Identifying registering and restoring Scotlands Common Good Fund
The future of the Farmhouse is not set in stone but relies on the community being involved in shaping the vision and supporting the process (from collectively forming an idea to renovation to running the space).
Some of us involved in the Farmhouse Project would like to see it becoming an independent, affordable community resource.
What is a Community Resource Centre though?
Space for the weans? Space for relaxing? Where you find out what’s going on in Govan? Where you have a laugh and a cuppa?
It could be all of the above – the important thing is that we shape it together.
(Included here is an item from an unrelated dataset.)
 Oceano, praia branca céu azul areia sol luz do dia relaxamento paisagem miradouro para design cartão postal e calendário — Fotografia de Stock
The Farmhouse is an old building that sits in the community garden in Elder Park. The structure forms part of the communities Common Good Fund, as does the park it sits in. The farmhouse building sits within the community garden in the corner of Elder park at the end of govan road before the roundabout at the clyde tunnel. The building itself has lain derelict for 25 years or so and is in bad state of repair, though in the last few years there have been community efforts to repair it. It is a listed building and one of Govan’s oldest if not the oldest.
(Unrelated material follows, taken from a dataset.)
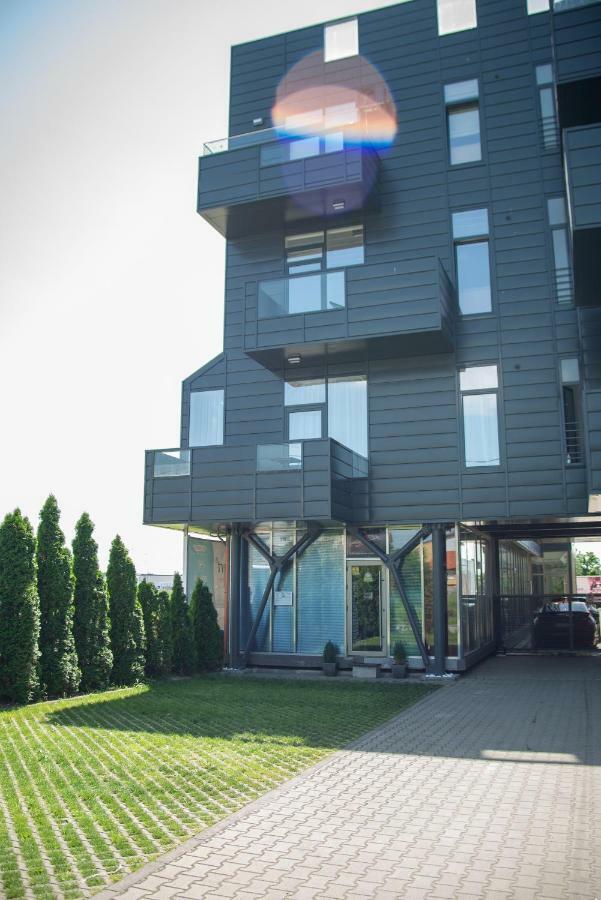 Apartments Steel Residence- Tesla Drive Experience Timisoara Esterno foto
The Park, building and library were gifted to the people of Govan and are part of the city’s common good. The farmhouse project will work towards maintaining and creating awareness of the common good in the work we do.
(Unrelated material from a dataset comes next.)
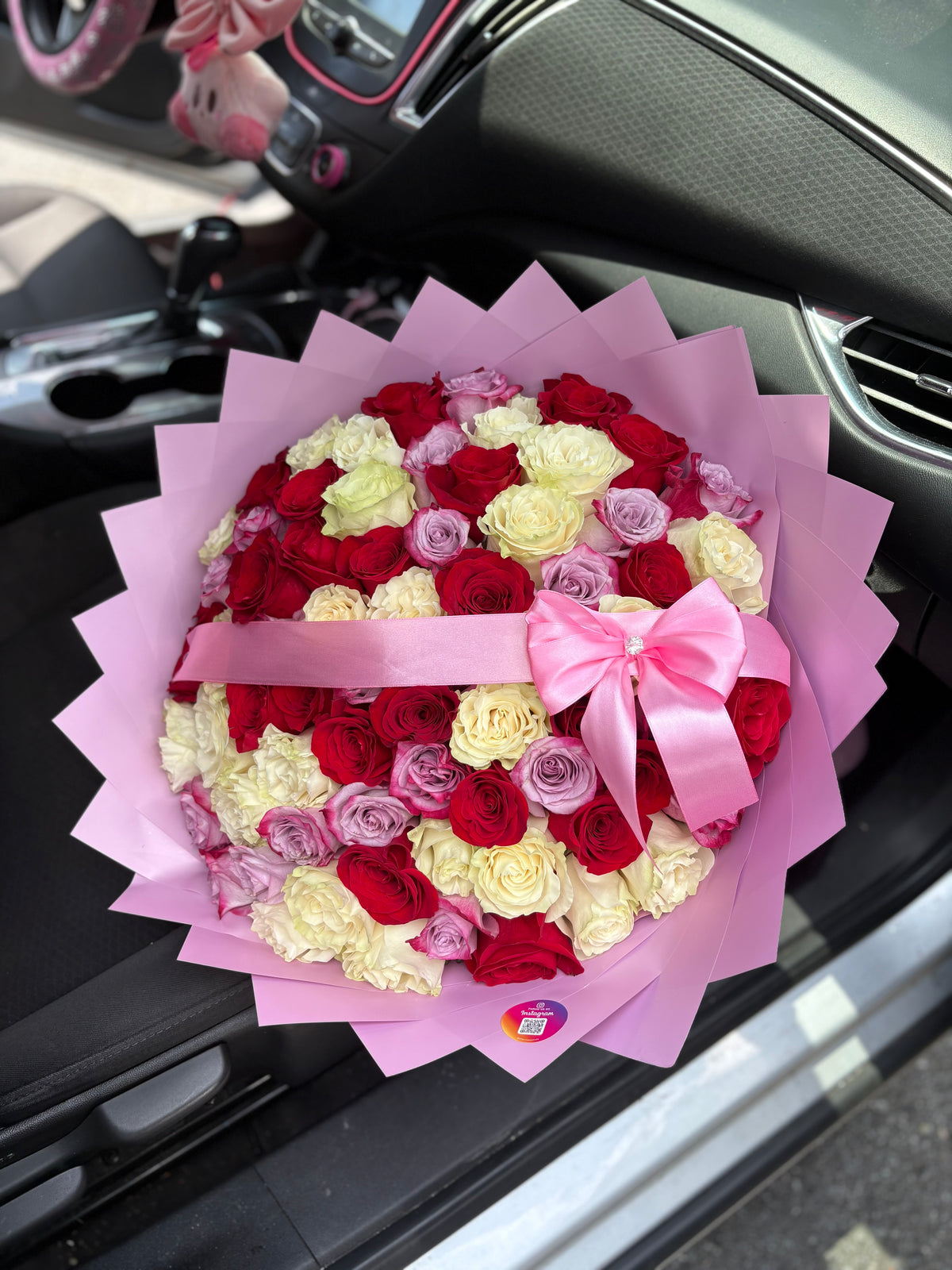 75 count Multi Rose Coloreway Bouquet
When John Elder – a member of the Fairfield Shipbuilding and Engineering Company died in 1869 his wife, Isabella became sole owner of his business for 9 months, until it was transferred to a partnership led by her brother John Ure. Subsequently, she devoted her life to philanthropic projects in Govan and Glasgow. In 1883 Isabella Elder purchased 37 acres of ground near the Fairfield Shipyard, and had it laid out as a public park named the Elder Park in memory of her husband and her father-in-law David. The park opened to a great local fanfare in 1885, and for many years she paid for an annual fireworks display there. Also in 1885, she set up a School of Domestic Economy in Govan to teach young women how to prepare nutritious meals, darn, mend, starch, and perform other chores required in managing a household on a limited budget.